= Data records =
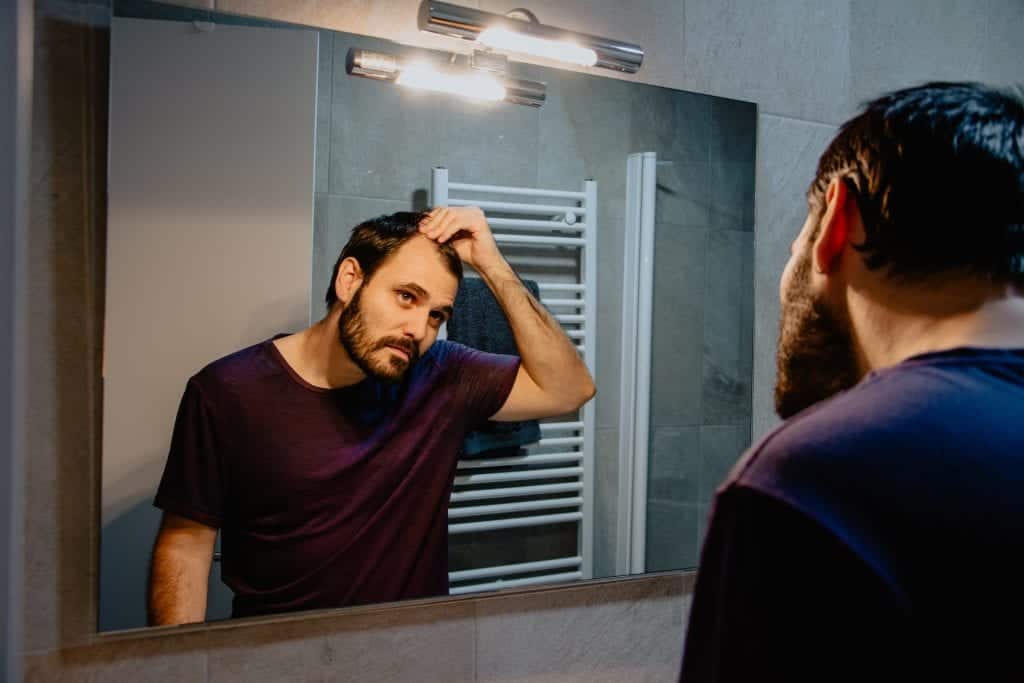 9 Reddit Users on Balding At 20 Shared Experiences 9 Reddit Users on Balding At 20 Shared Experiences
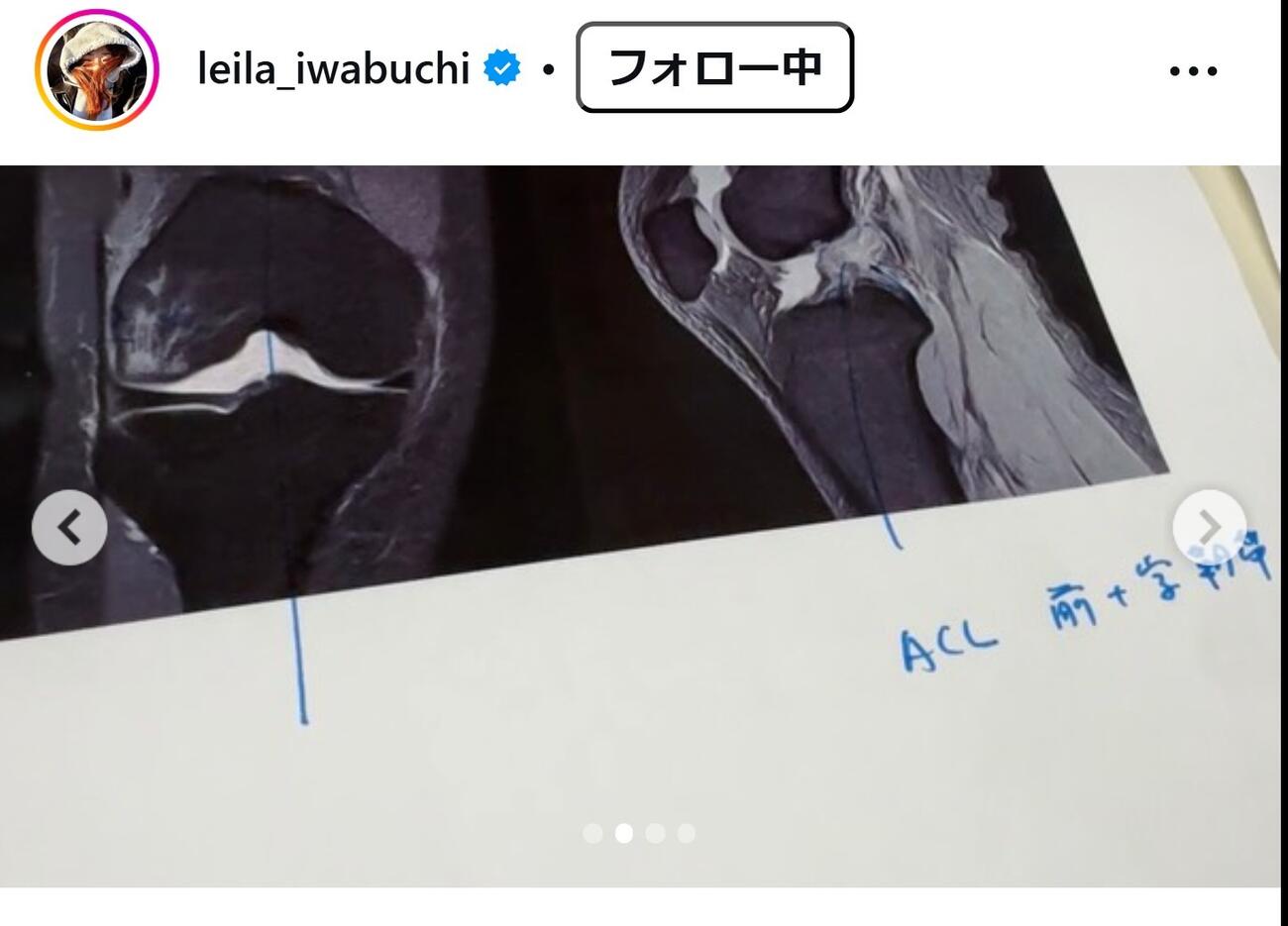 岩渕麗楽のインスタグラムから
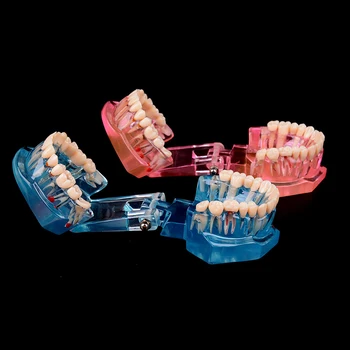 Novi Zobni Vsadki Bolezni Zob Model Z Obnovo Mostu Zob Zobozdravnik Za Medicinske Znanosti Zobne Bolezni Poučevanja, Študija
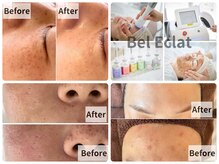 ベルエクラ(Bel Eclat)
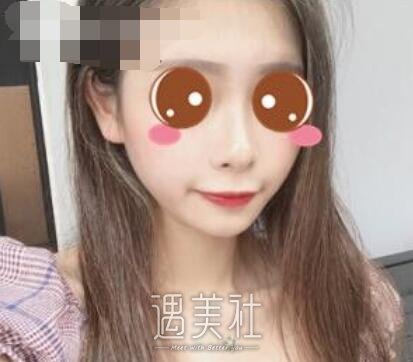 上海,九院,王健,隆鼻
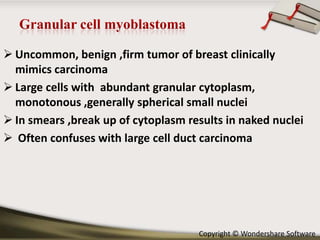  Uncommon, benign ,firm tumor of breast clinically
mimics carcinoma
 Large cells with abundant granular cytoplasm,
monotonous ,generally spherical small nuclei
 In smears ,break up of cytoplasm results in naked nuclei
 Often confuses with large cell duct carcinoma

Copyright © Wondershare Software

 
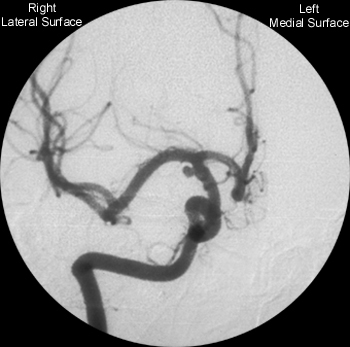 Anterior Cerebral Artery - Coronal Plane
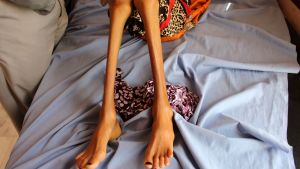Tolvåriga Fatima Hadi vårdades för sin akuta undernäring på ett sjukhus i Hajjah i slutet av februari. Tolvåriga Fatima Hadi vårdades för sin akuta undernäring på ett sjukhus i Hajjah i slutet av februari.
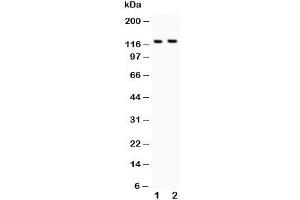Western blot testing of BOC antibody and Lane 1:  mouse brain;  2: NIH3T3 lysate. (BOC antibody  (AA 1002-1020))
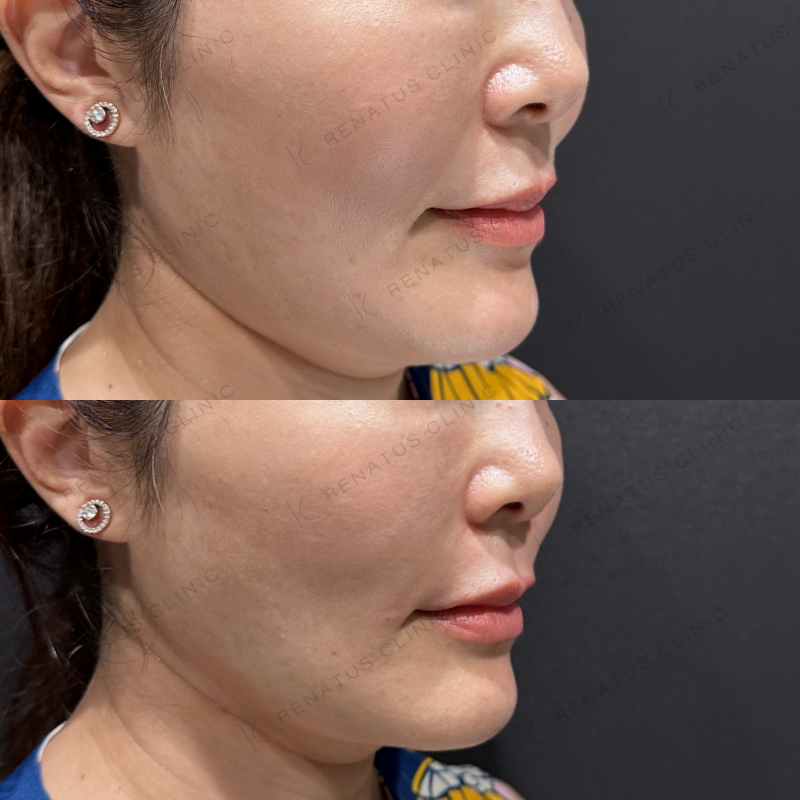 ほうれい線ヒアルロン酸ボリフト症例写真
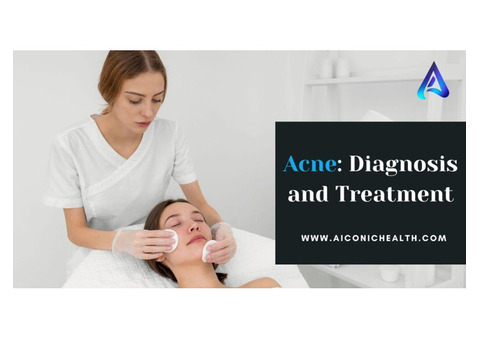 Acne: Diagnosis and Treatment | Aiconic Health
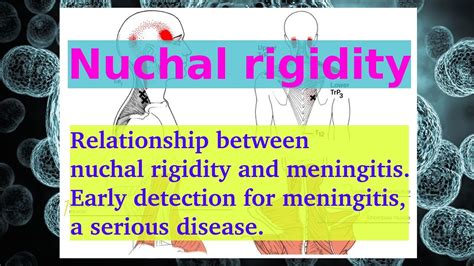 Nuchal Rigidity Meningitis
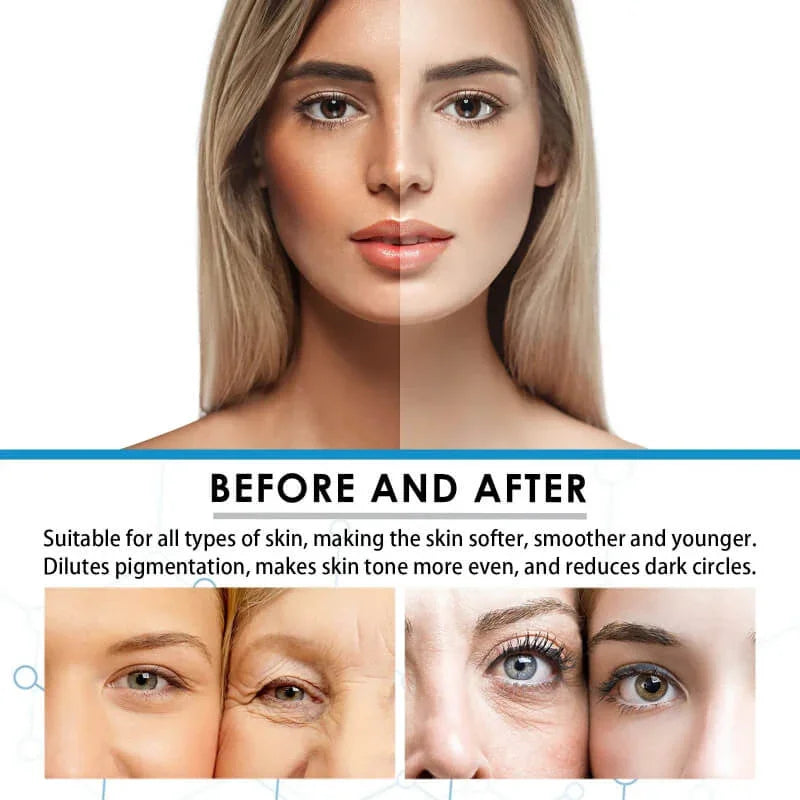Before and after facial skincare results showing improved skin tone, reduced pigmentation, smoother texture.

= Instructions for the task =
Each record above needs to be transcribed word for word, with its pictures omitted.

= Problem solution =
 9 Reddit Users on Balding At 20 Shared Experiences 9 Reddit Users on Balding At 20 Shared Experiences
 岩渕麗楽のインスタグラムから
 Novi Zobni Vsadki Bolezni Zob Model Z Obnovo Mostu Zob Zobozdravnik Za Medicinske Znanosti Zobne Bolezni Poučevanja, Študija
 ベルエクラ(Bel Eclat)
 上海,九院,王健,隆鼻
  Uncommon, benign ,firm tumor of breast clinically
mimics carcinoma
 Large cells with abundant granular cytoplasm,
monotonous ,generally spherical small nuclei
 In smears ,break up of cytoplasm results in naked nuclei
 Often confuses with large cell duct carcinoma

Copyright © Wondershare Software

 
 Anterior Cerebral Artery - Coronal Plane
Tolvåriga Fatima Hadi vårdades för sin akuta undernäring på ett sjukhus i Hajjah i slutet av februari. Tolvåriga Fatima Hadi vårdades för sin akuta undernäring på ett sjukhus i Hajjah i slutet av februari.
Western blot testing of BOC antibody and Lane 1:  mouse brain;  2: NIH3T3 lysate. (BOC antibody  (AA 1002-1020))
 ほうれい線ヒアルロン酸ボリフト症例写真
 Acne: Diagnosis and Treatment | Aiconic Health
 Nuchal Rigidity Meningitis
Before and after facial skincare results showing improved skin tone, reduced pigmentation, smoother texture.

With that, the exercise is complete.